In 1926, the population of Australia was just over six million people, King George V (the current Queen’s grandfather) was the head of state and Melbourne would go on to defeat Collingwood in the VFL Grand Final. At the beginning of that year, on Sunday 17 January, Arthur Tonkin celebrated his fifth birthday and attended his first church service at Surrey Hills Methodist Centenary Church with his family.
Throughout the next nine decades, Arthur celebrated most of his major life events in the church building. He and Nancy were married at the church in 1944 and their three children, Thomas, Helen and Ted, were all baptised in the church.
This Sunday, Arthur will celebrate his 95th birthday, which marks 90 years to the day since he first set foot in Surrey Hills UC. While the coincidence of that milestone is remarkable in itself, it is Arthur’s contribution to the church that will be recognised by the congregation.

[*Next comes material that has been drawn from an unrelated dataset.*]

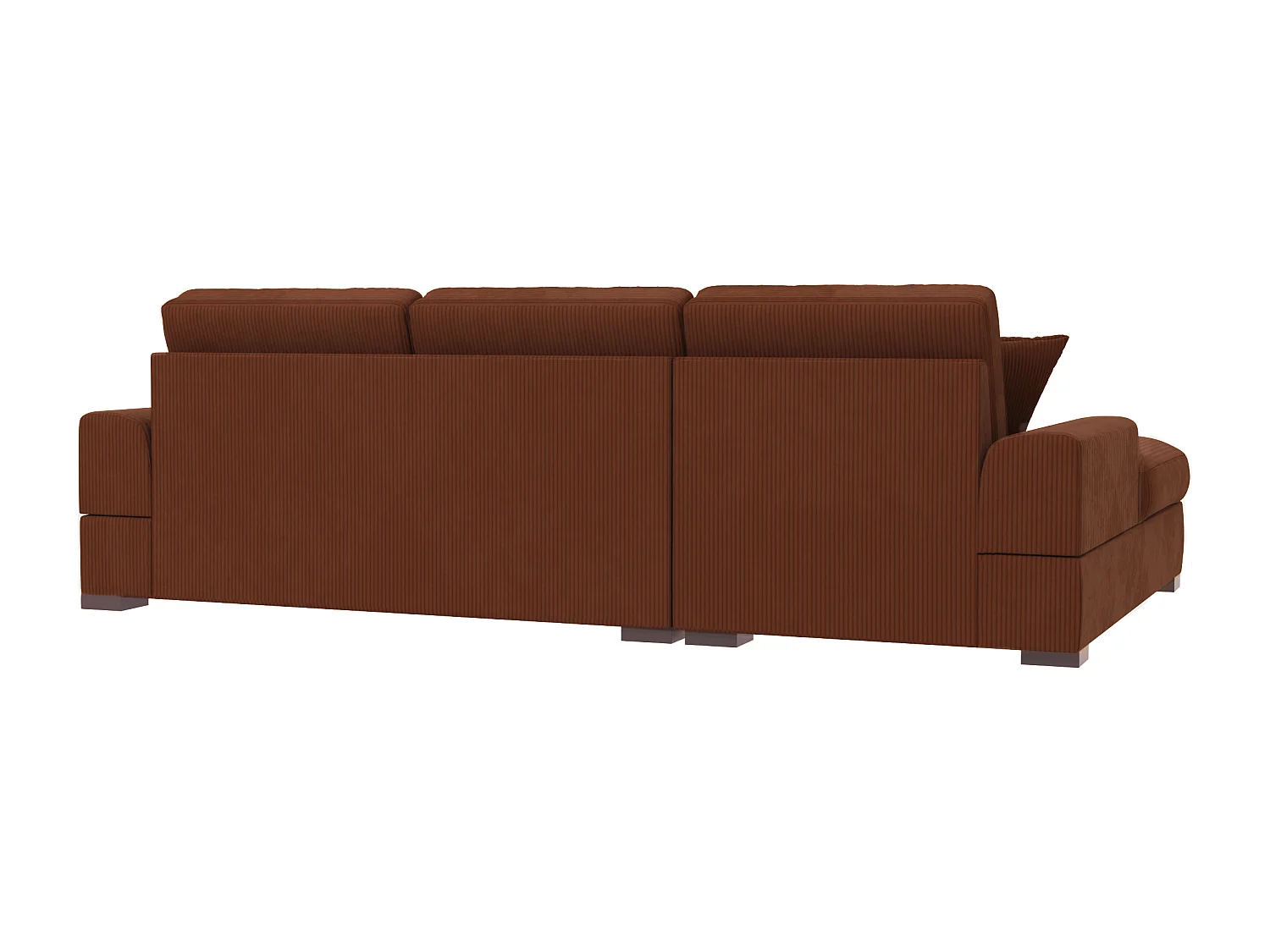 Canapé d’angle avec fonction lit en tissu côtelé terracotta, offrant un confort d’assise agréable, avec pieds en bois noir INGA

“Arthur has been a lay preacher for more than 70 years, preaching at over 1600 services throughout Victoria,” Bryan said.
“He has been a presbytery representative, chairman of Surrey Hills UC congregation and council, choirmaster, Sunday school teacher and president and vice-president of the local preachers’ association.”
While Arthur’s contribution to the administrative and worship areas of the church have been important, Bryan said it was his leadership of church youth groups in the 1950s and ’60s that have had most impact on him personally.
“Arthur had a profound influence on many young people during that time. He was, and still is, a man of great faith who led by example. For us at that time he was a living testament to the importance of faith,” Bryan said.
An accomplished artist and singer, Arthur was choirmaster at Surrey Hills UC and still sings with the Melbourne Singers. He is a noted historian and has spoken to numerous groups throughout Victoria on Colonial history and paddle steamers. In spite of his busy schedule, Arthur always found time to help others in the wider Surrey Hills community. This contribution was recognised in 2001 when he received the Surrey Hills Citizen of the year award.
“If one adds to all of his achievements – an unfailing sense of humour, his remarkable memory, his love of his church and his love of people – I would have to say he has led, and continues to lead, a remarkable life,” Bryan said.